December 22, 2011
Le 22/12/2011 04:41, Jonathan M Davis a écrit :
> 
> So, what do you think?
> 
> - Jonathan M Davis

Honestly ? The simpler, the better.

I've hardly ever seen anyone complain about the primitive formatting
functions available in other languages. It's not like anyone wants
something super sophisticated when doing date formatting.
Experience tells me that for such mundane tasks, what you want is:
- something that does what you want simply
- something fast

And that's about it. In fact, I am not even sure that custom formats are useful, when standard ones are perfectly suited for the task.
December 22, 2011
On Thursday, December 22, 2011 11:51:55 Somedude wrote:
> And that's about it. In fact, I am not even sure that custom formats are useful, when standard ones are perfectly suited for the task.

The standard ones are there, and I'd definitely recommend using them in the general case, but some people do require custom formatting, so the functions are needed. But yes, if you don't need them, then don't use them. The standard formats are standard for a reason.

- Jonathan M Davis
December 22, 2011
Le 22/12/2011 11:40, Jacob Carlborg a écrit :
> 
> Yeah, I don't get this. Most modules in Phobos are too large, in my opinion.
> 

It largely is a matter of taste, I think. There are advantages in
minimizing the size of files but there are also advantages in minimizing
the number of files.
But for datetime.d, it has largely gone beyond my own point of
acceptability (which is about 5,000 lines, if that means anything).
December 22, 2011
On Thursday, December 22, 2011 02:12:31 Walter Bright wrote:
> Timezone information is not necessary to measure elapsed time or relative time, for example.

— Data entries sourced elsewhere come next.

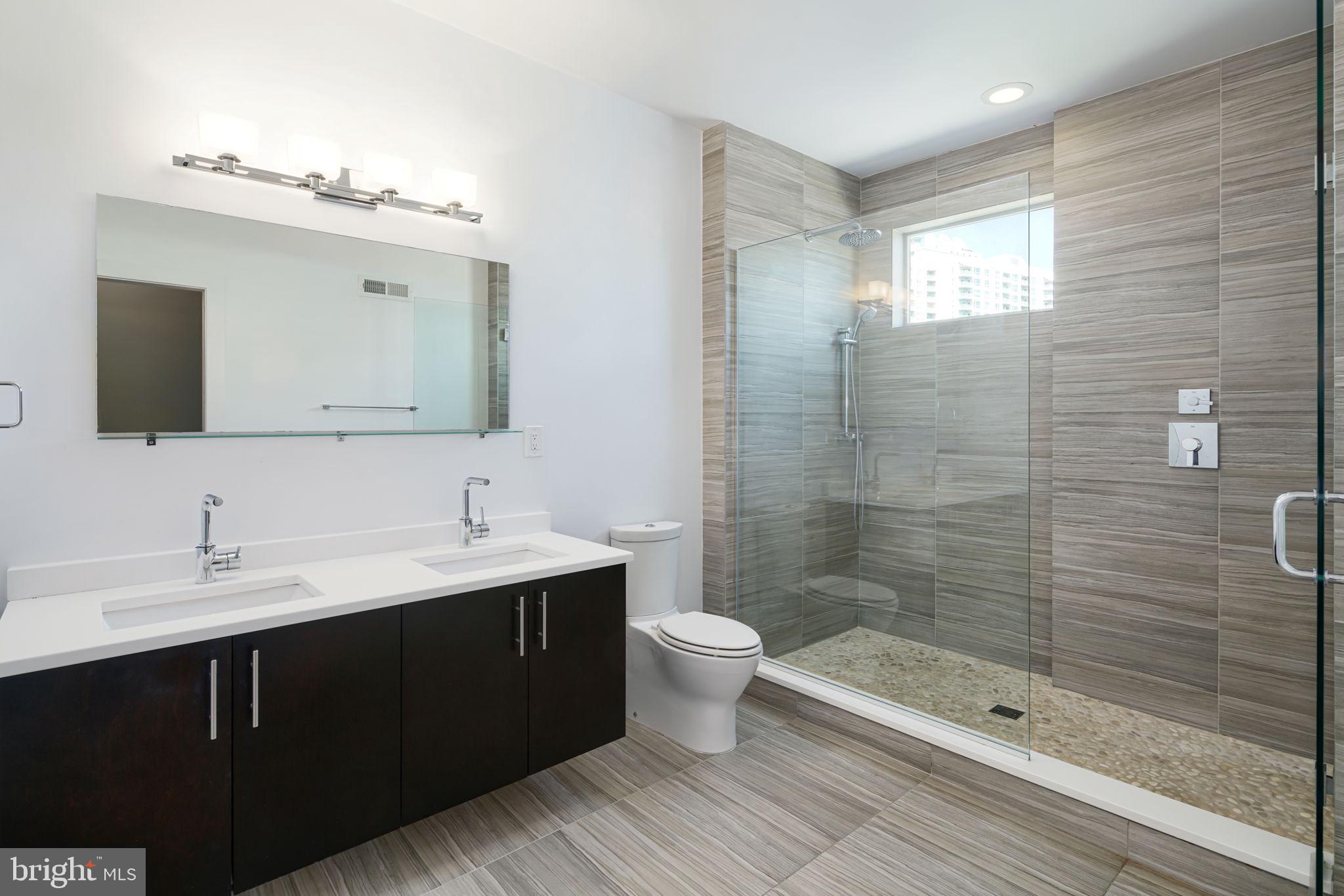 QUEEN VILLAGE - Residential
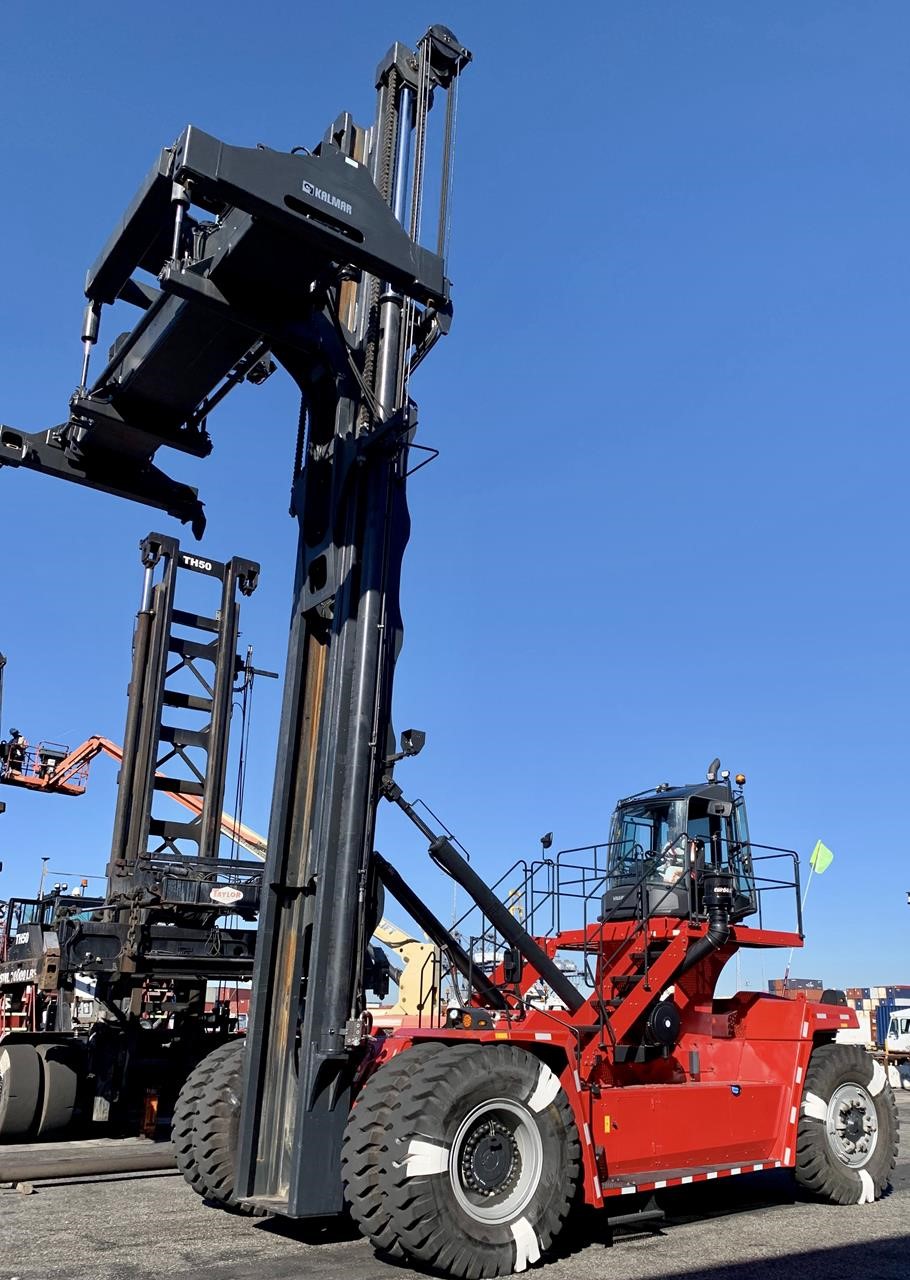2023 Kalmar DCG410GS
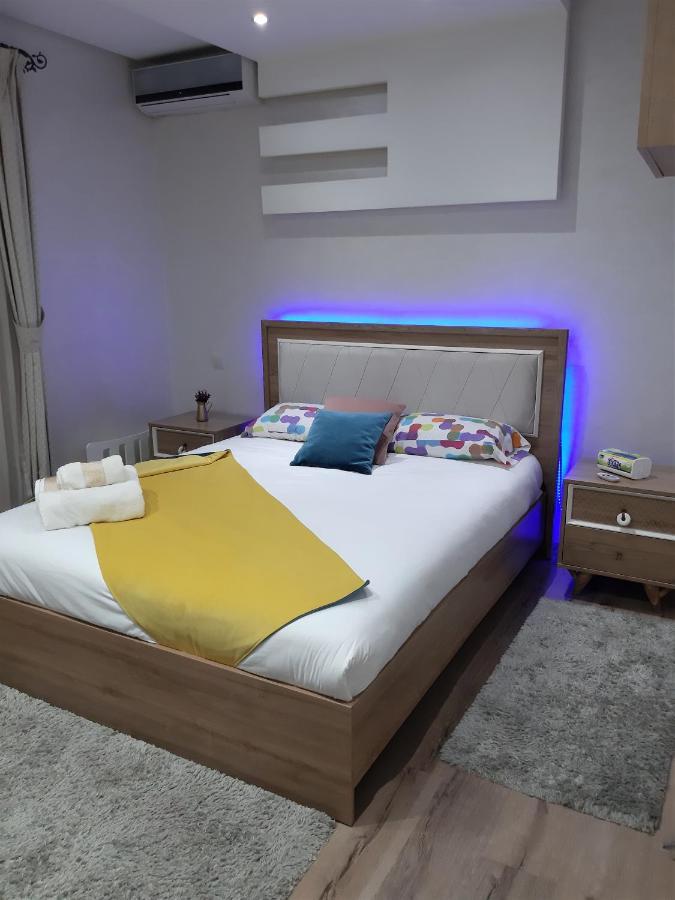 Appartement Pour Familles En Residence Avec Piscine Et Wifi Marrakesh Luaran gambar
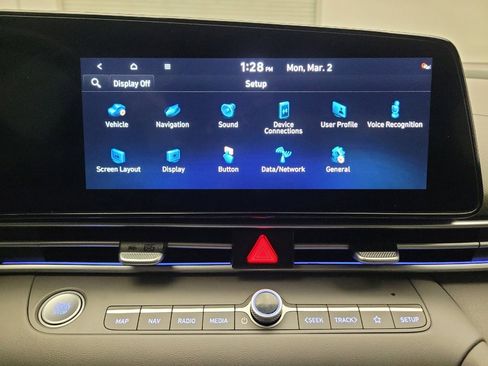 Used 2025 Hyundai Elantra SEL FWD image 25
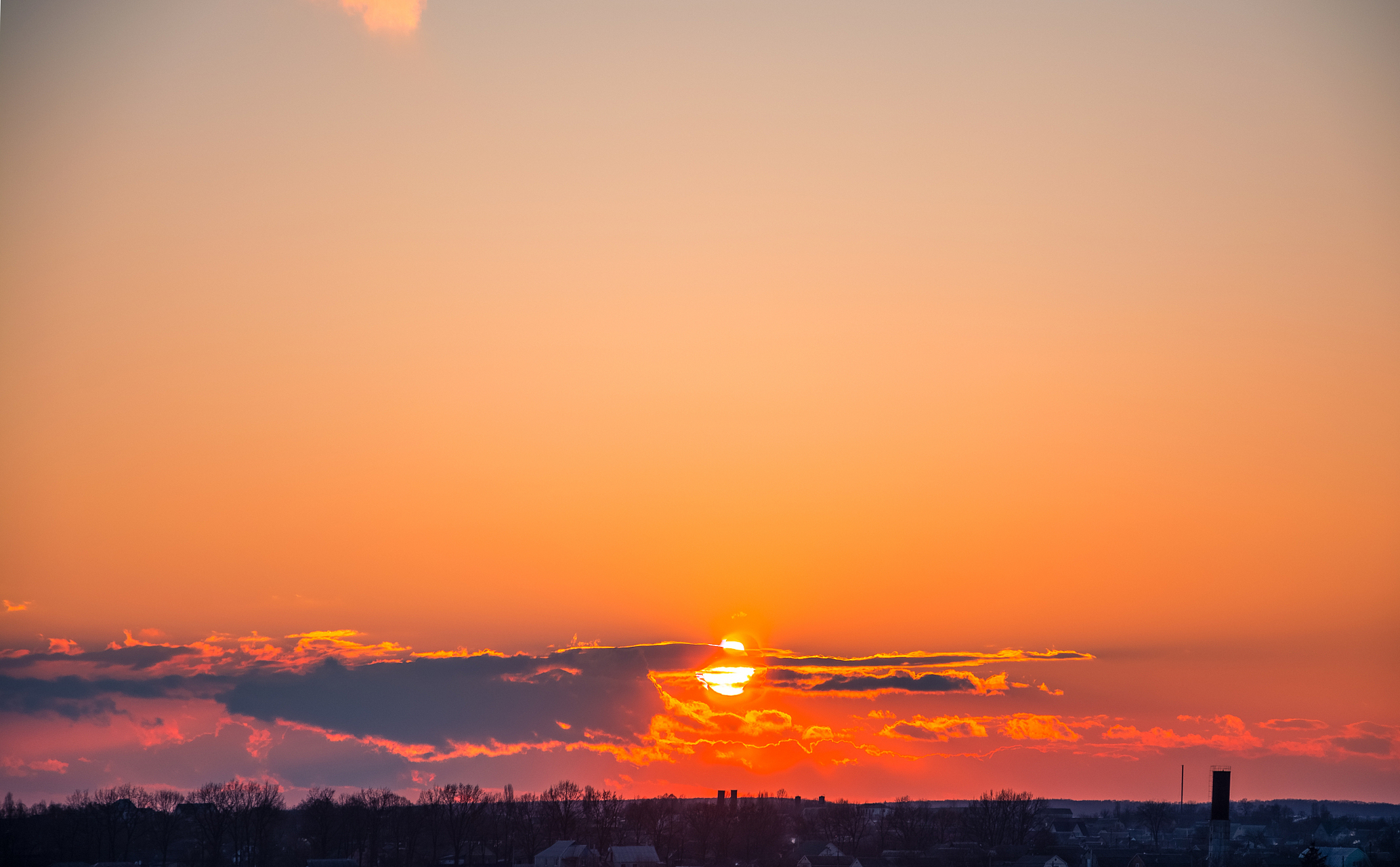 日出是希望的象征,当曙光逐渐冲破黎明前最黑暗的包围,红彤彤的霞光给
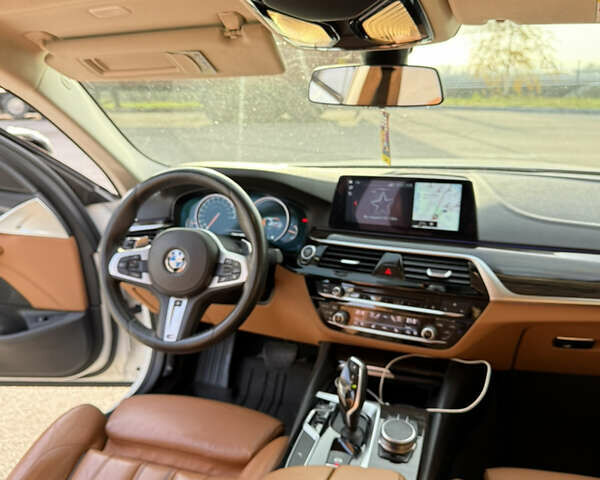 Белый БМВ 5 Серия, объемом двигателя 3 л и пробегом 140 тыс. км за 31900 $, фото 17 на Automoto.ua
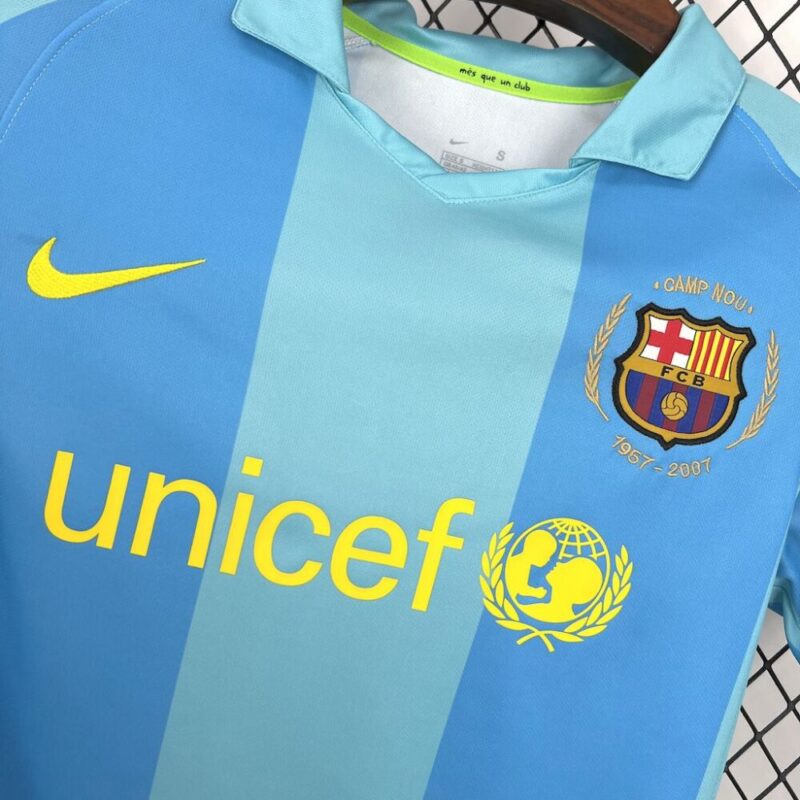 Barcelona 2007/08 Away Retro Jersey - Image 4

The type requires it though. No, comparison doesn't require the time zone, but many (most?) of the other operations do. And the type can't be separated from the time zone. That's part of the whole point of how SysTime is designed. It holds its time internally in UTC and then uses the time zone to adjust the time whenever a property or other function is used which requires the time in that time zone. That way, you avoid all of the issues and bugs that result from converting the time. The cost of that is that you can't not have a time zone and use SysTime. So, if someone cares about saving that little bit of extra size in their executable by not using the time zone, they're going to have to use the C functions or design their own time code.

> Can it be added with PIMPL? PIMPL is good for more than just information hiding, it can also be a fine way to avoid pulling in things unless they are actually dynamically used (as opposed to pulling them in if they are statically referenced).

I don't follow you. You mean use PIMPL for the time zone? I haven't a clue how you're going to do PIMPL without .di files, and Phobos doesn't use .di files (and arguably _can't_, because it would destroy inlining and CTFE). Not to mention, PIMPL would make SysTime less efficient, because in order to avoid needing to know what the functions are on a TimeZone, you'd have to hide the bodies of a number of SysTime's functions, which would disallow inlining and CTFE (not that CTFE is terribly likely to be used with SysTime, but inlining could be very important). You'd be losing efficiency of execution just to save a few KB in the executable.

Rearranging stuff to save some size in the executable without costing efficiency is one thing, but if it's going to cost efficiency, then I'm generally going to be against it.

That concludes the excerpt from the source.